Dermata now plans to hold an end of Phase 2 meeting with the FDA and initiate two Phase 3 trials in moderate-to-severe acne patients to evaluate the safety and efficacy of DMT310.

Dermata Therapeutics' lead clinical candidate, DMT310, performed well in a Phase 2b study of moderate-to-severe acne vulgaris.

Once-weekly DMT310 achieved Investigator Global Assessment (IGA) success (2-point change & 0 or 1) in 44.4 percent of patients versus 17.8 percent of placebo patients (p=0.0003), the study showed.  In addition, DMT310 saw a -15.6 mean change from baseline in inflammatory lesion count versus a -10.8 mean change from baseline for placebo (p=0.0017) and a -18.3 mean change from baseline in non-inflammatory lesion count versus -12.4 mean change from baseline for placebo (p=0.0027). DMT310 also appeared to be safe and well-tolerated by patients with minimal treatment-related adverse events and no serious adverse events related to treatment.

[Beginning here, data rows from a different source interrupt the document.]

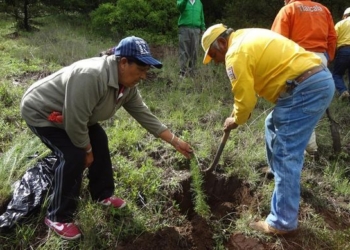 A punto de vencer plazo para “Premio Nacional Forestal 2015”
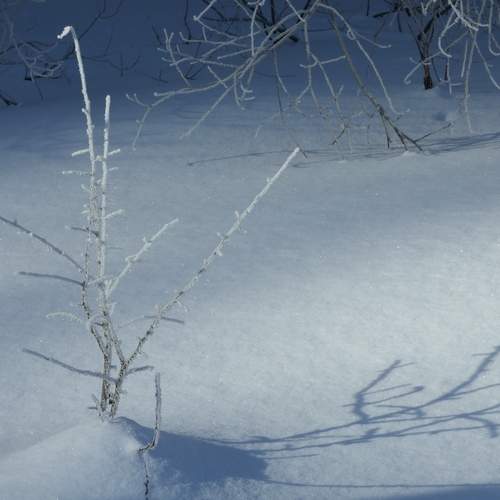Photo #13003023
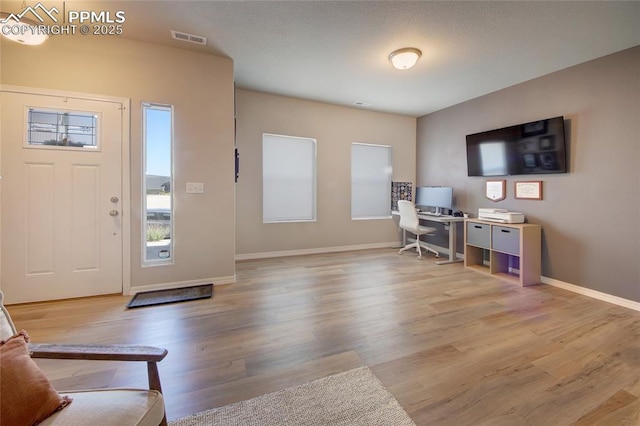 6069 Inman Vw, Colorado Springs, CO 80924 - foyer entrance featuring light wood-style floors and baseboards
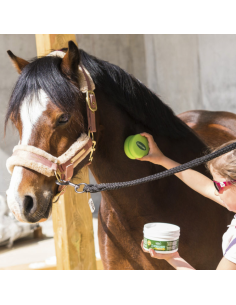 Ravene Gel Emouchine Protec 500ml 2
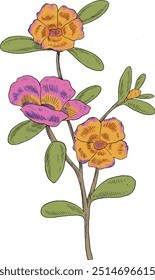 Coloring wild flower botanical illustration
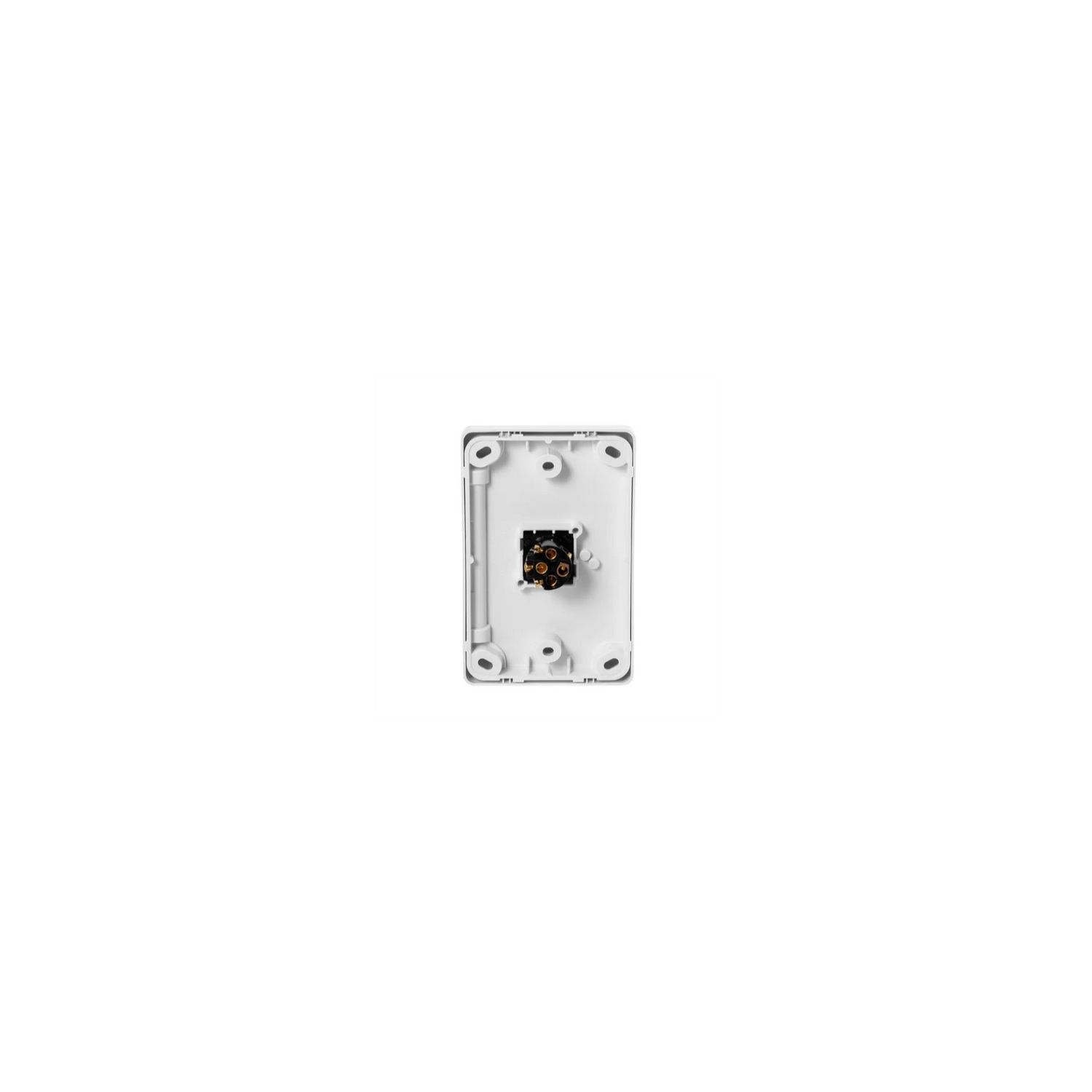 Picture of Flush Switch, Classic C2000 Series, 1 Gang, 250VAC, 10A, Standard, Vertical
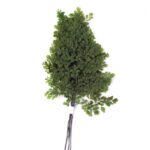 Feriga stabilizata Lutti verde 30cm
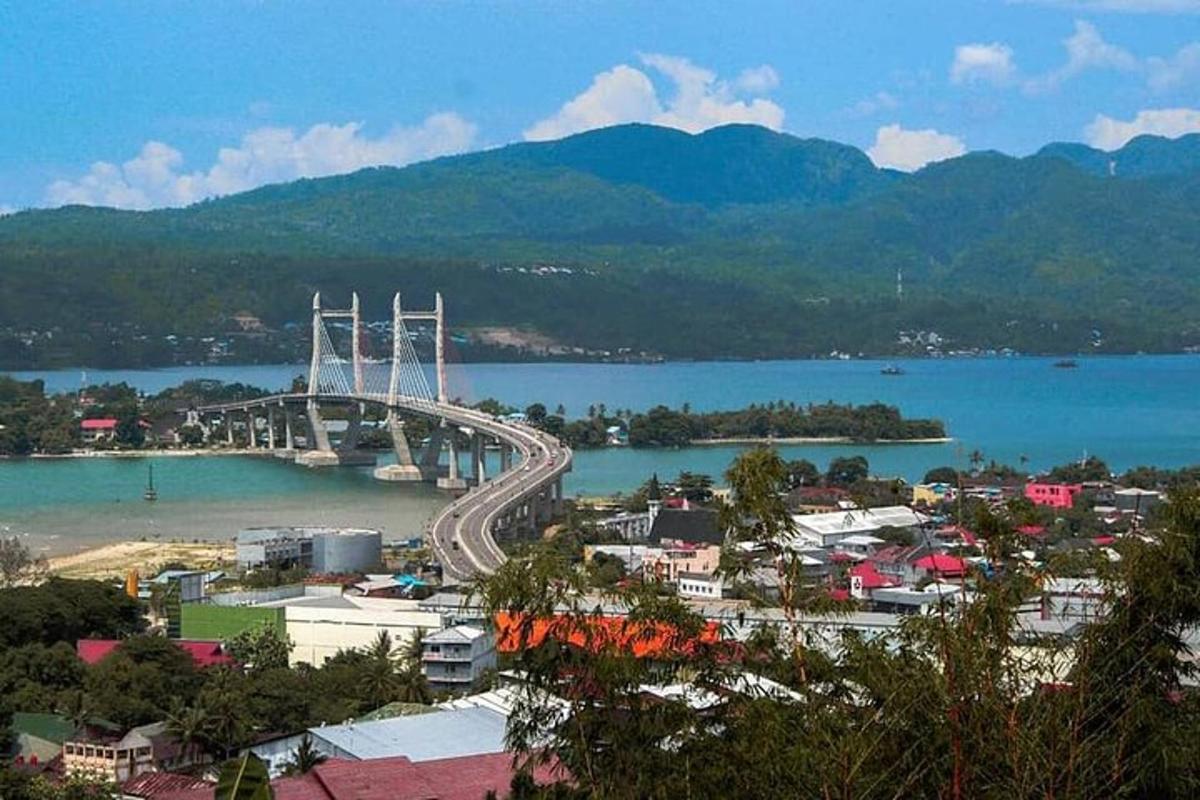 a bridge over a body of water next to a city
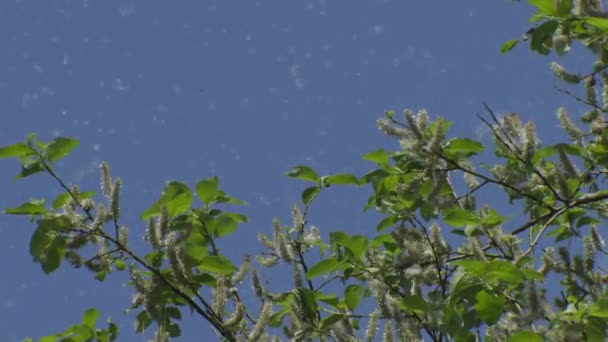 Witte populier pluis valt uit de bomen — Stockvideo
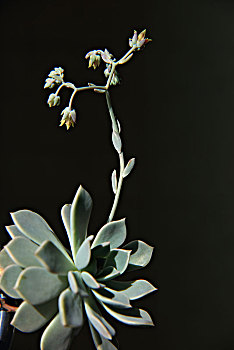 植物,肉质,芙蓉雪莲,芙蓉雪莲花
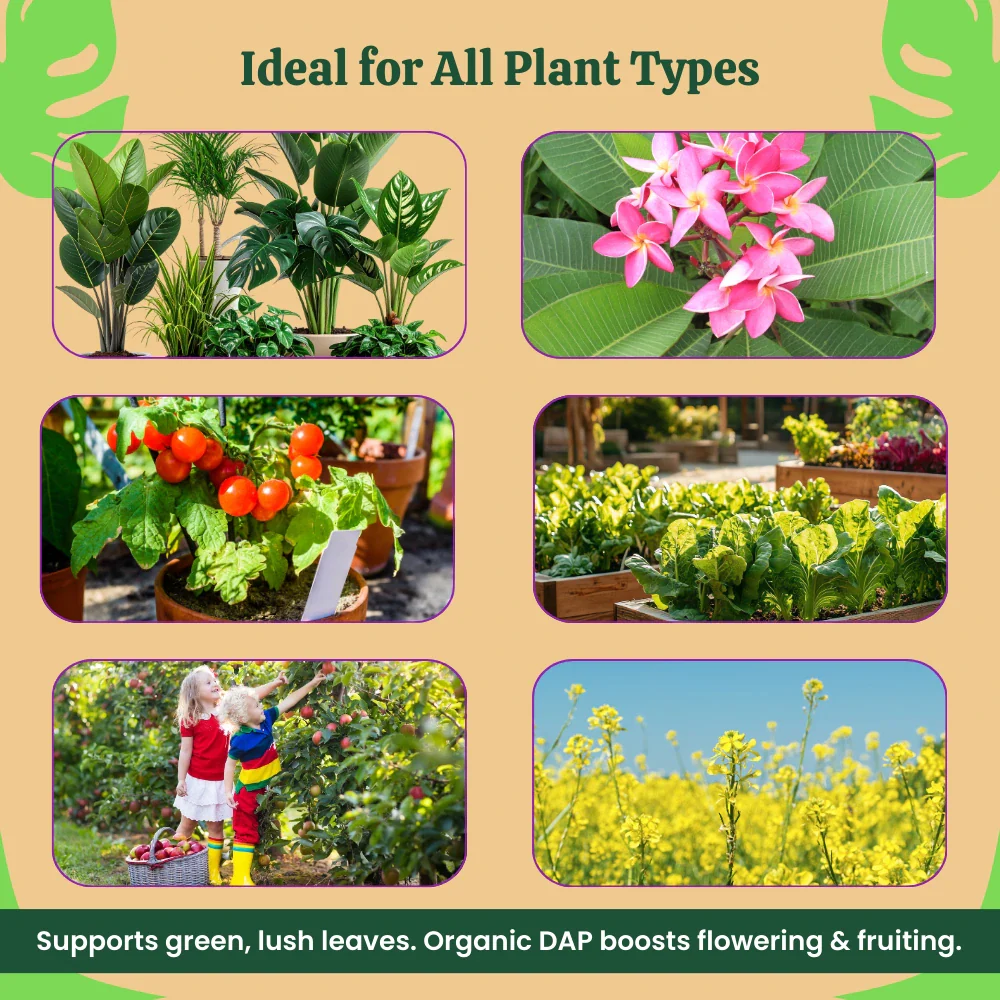 Organic DAP Fertilizer for Plants, Home & Garden - 100% Water Soluble Granules, Bio DAP Fertilizers & Manure for Plants Growth | Improves Flowering, Fruiting & Vegetables - Image 7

Based on these results, the Company plans to hold an end of Phase 2 meeting with the FDA and initiate two Phase 3 trials in moderate-to-severe acne patients to evaluate the safety and efficacy of DMT310. Dermata also plans to initiate a Phase 2 clinical trial of DMT310 in patients with papulopustular rosacea starting in early 2021.

"A big problem with treating acne is patient compliance, so having an effective product with an excellent safety profile that is only applied once weekly would be a great option for acne patients," states Chris Nardo, PhD, SVP, Development of Dermata, in a news release. "Also, patients are seeking more natural ways to treat their acne, which could position DMT310 as a very attractive product for many patients." 

DMT310-003 Trial Design

DMT310-003 was a 12-week, 14-center, double-blind, randomized, placebo-controlled trial designed to evaluate the safety, tolerability and efficacy of once-weekly application of DMT310 in 181 moderate to severe acne patients, defined as a grade 3 or 4 on the IGA five-point scale and at least 20 inflammatory and 20 non-inflammatory lesions on the face at baseline. The trial contained two arms: (1) DMT310 + H2O2; and (2) Placebo + H2O2. The primary endpoint was the mean change from baseline in inflammatory lesion count at week 12. Other endpoints included IGA treatment success, defined as the percentage of patients with at least a two-point reduction and a score 0 or 1 ("clear" or "almost clear") on IGA scale at week 12 and the mean change from baseline in non-inflammatory lesion count at week 12. The trial also used a HIPAA compliant smartphone application on patients' mobile devices to document patient treatment compliance. During the study, patients recorded a 10-second video, which was reviewed by clinic staff to ensure complete and timely application of the product.

DMT310-003 Efficacy Results

In the intent-to-treat analysis, Dermata saw statistically significant differences in IGA treatment success, inflammatory lesion count and non-inflammatory lesion count as early as week 4 and continuing to week 12 (study end) when compared to placebo.

"The substantial clinical response observed in our DMT310-003 trial gives us confidence that DMT310 could alter the current treatment paradigm in acne by providing patients with a novel, once-weekly treatment option with minimal side effects and quicker time to treatment effect," adds Gerry Proehl, President, CEO and co-Founder of Dermata. "We believe the multiple mechanisms of action of DMT310 are crucial to its treatment success and will be a significant market differentiator for acne and other inflammatory skin diseases."